IIT Madras Researchers Create Device to Convert Sea Waves Into Electricity
A floating buoy, a spar, and an electrical module will harness the wave power
The Indian Institute of Technology Madras (IIT Madras) researchers have developed Sindhuja-I, an ocean wave energy converter. It has the potential to generate electricity using sea waves. The institute successfully carried out the trials of the device in the second week of November 2022.
The ocean wave energy converter was installed near the coast of Tuticorin in Tamil Nadu about six kilometers off the coast and at a depth of 20 meters. The researchers have set a target of generating 1 megawatt of power from sea waves using this device in three years.
The device has been named Sindhuja-I taken from Sanskrit, which translates to ‘generated from the ocean’. It has a floating buoy, a spar, and an electrical module. With the movement of waves, the buoy also moves up and down.
Interestingly, this project is in line with the objectives of the UN Ocean Decade and also fulfills sustainable development goals. The goals set in India include clean energy, deep water missions and thus realizing a blue economy under this UN initiative. This project will help meet India’s climate change-related goals of generating 500 gigawatts of renewable energy by 2030.
The device has been created for remote offshore locations that need continuous electricity and communication that can be achieved by supplying electric power to payloads that are set directly in or on the device; even those located in its proximity like seabed and water columns. Sindhuja-I targets sectors such as defense, communication, security, oil and gas.

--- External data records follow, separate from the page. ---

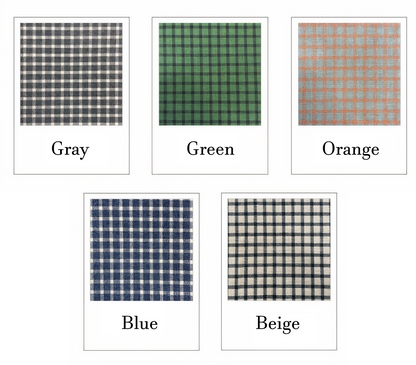 Check Pattern Fabric Stool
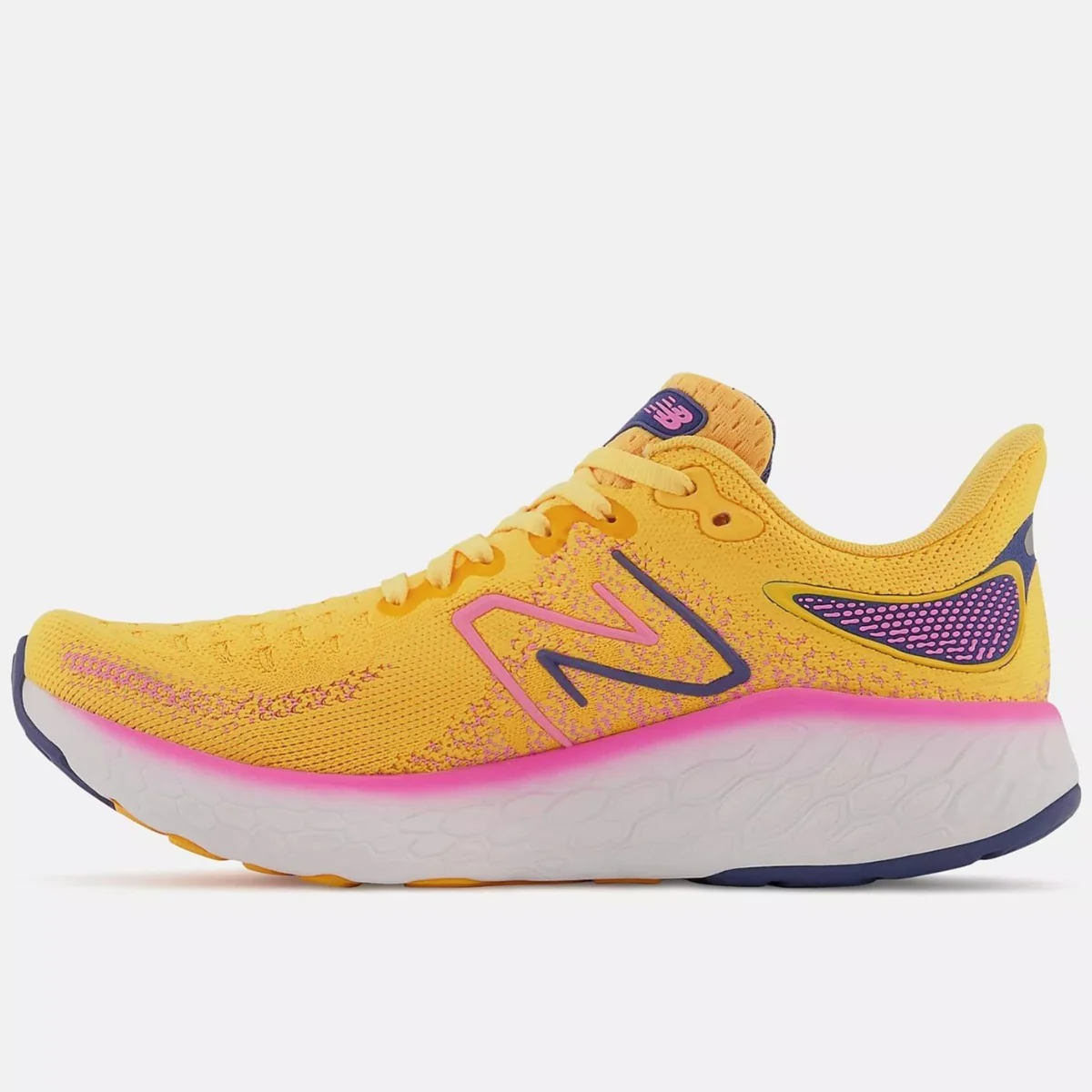 New Balance 1080 V12 Ladies Running Shoes Wide (Apricot Pink) - Image 3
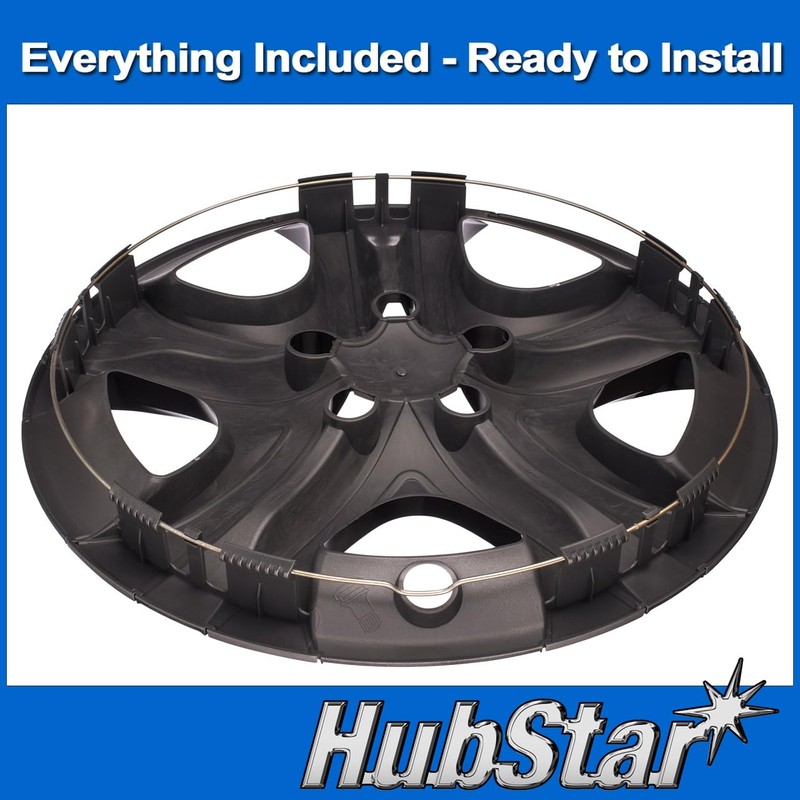 HubStar Hubcap Replacement for Toyota Rav4 2016, 2017, 2018, 17-inch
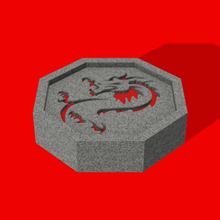 dragão talismã jackie chan jogo talismãs 3d print model - Mito3D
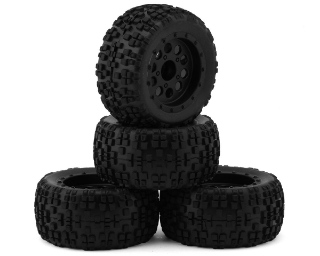 Picture of Team Associated Reflex 14MT Pre-Mounted Tires (4) (Black)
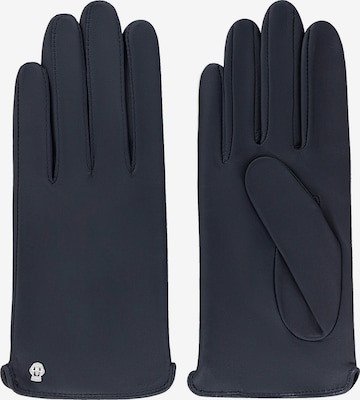 Roeckl Full Finger Gloves 'New York' in Blue: front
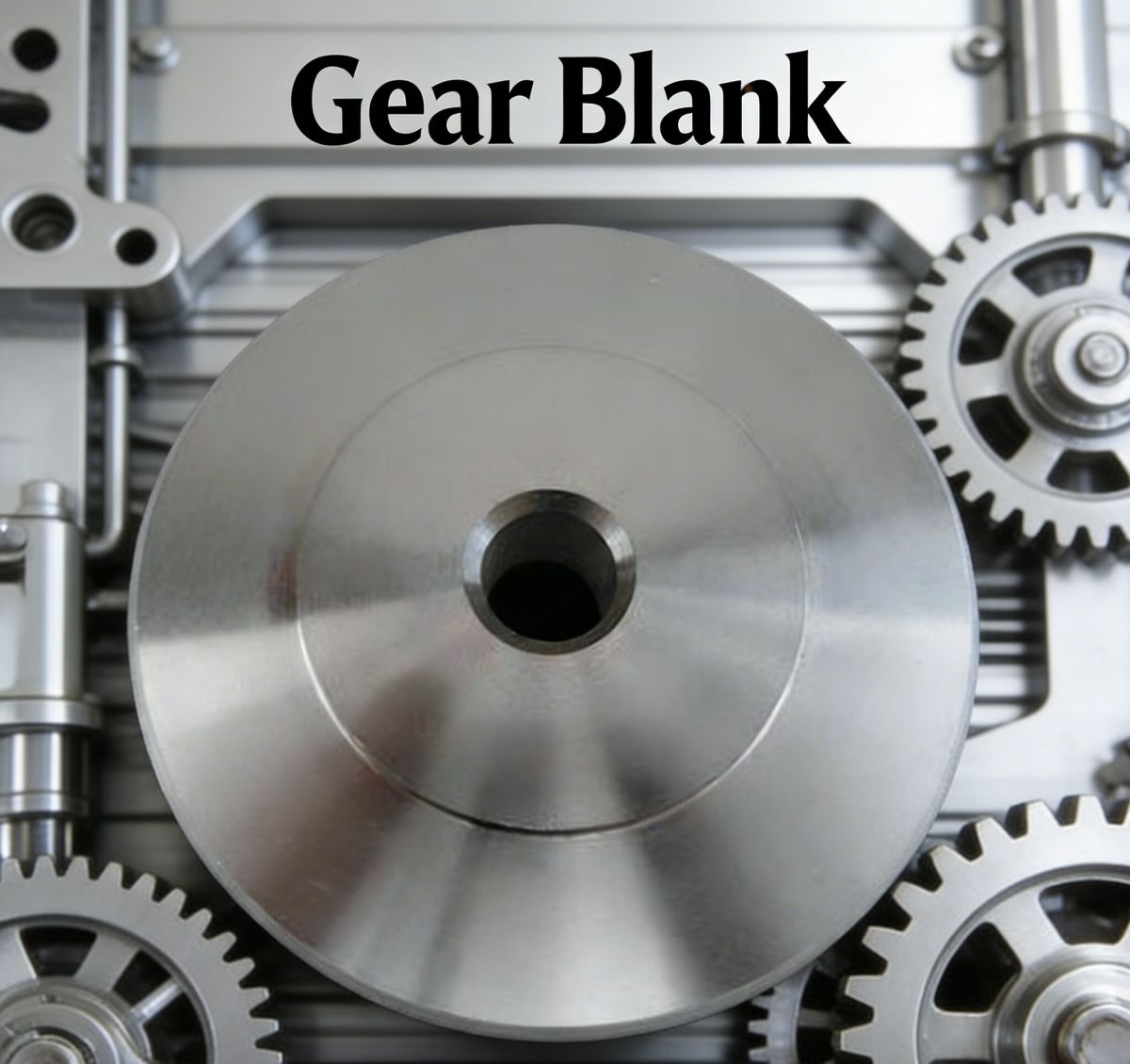 Forged gear blank with machined bore for gear manufacturing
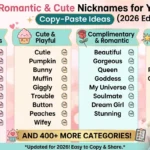 Wife Cute Nicknames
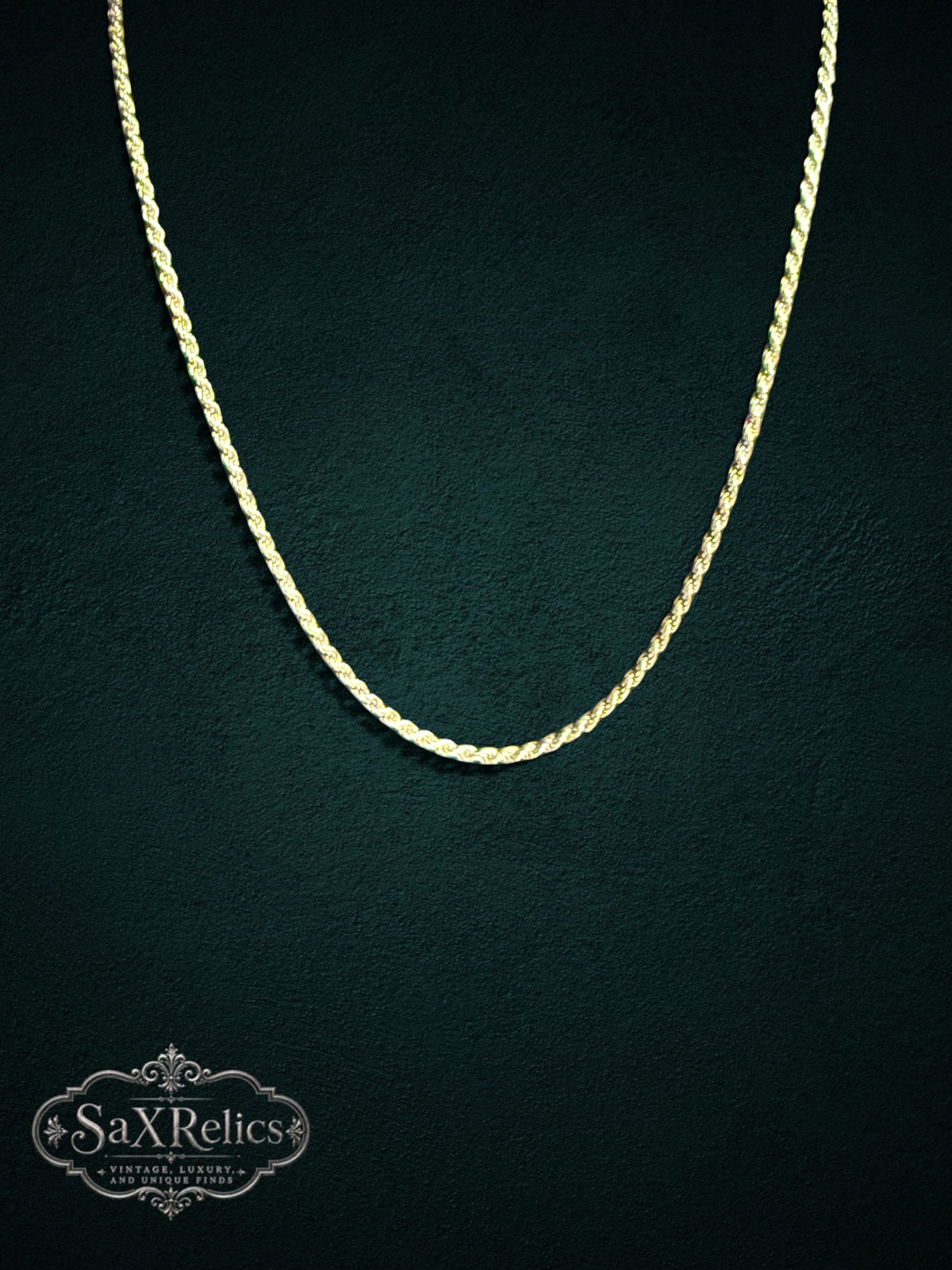 Soga sterling silver rope chain, 20 inch, 2mm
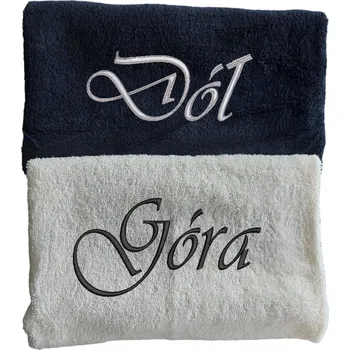 Obraz Ručník s VÝŠIVKOU sada 2ks HORNÍ - DOLNÍ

Prof. Abdus Samad, an IIT Madras faculty member led this mission. He has been working on wave energy for the past many years. He set up an innovative ‘Wave Energy and Fluids Engineering Laboratory’ (WEFEL) at the institute. His team tested a scaled-down model and is also exploring other applications of this technology for smaller devices such as data buoys, navigational buoys, etc.
The lead researcher commented that India has a 7,500 km long coastline with the capacity to produce 54 GW of power. It is a good amount considering the energy requirements of the country. Even a couple of single devices set up in different locations on India’s coastline can generate a good amount of clean power. The primary vision is to make the country sustainable by making use of marine energy and pave way for net zero carbon emissions to check climate change impact.
The project by IIT Madras researchers got funds from various organizations which included the Australian Alumni Grant Scheme 2022 by the Department of Foreign Affairs and Trade, Australian Government. The institute partnered with a company named Virya Paramita Energy, and Motilal Nehru National Institute of Technology, Allahabad for this test. GKC Institute of Engineering and Technology and MCKV Institute of Engineering, West Bengal, designed the electrical storage system of the device. Waterfront Engineering and Infrastructure Pvt Ltd helped install the system in the ocean.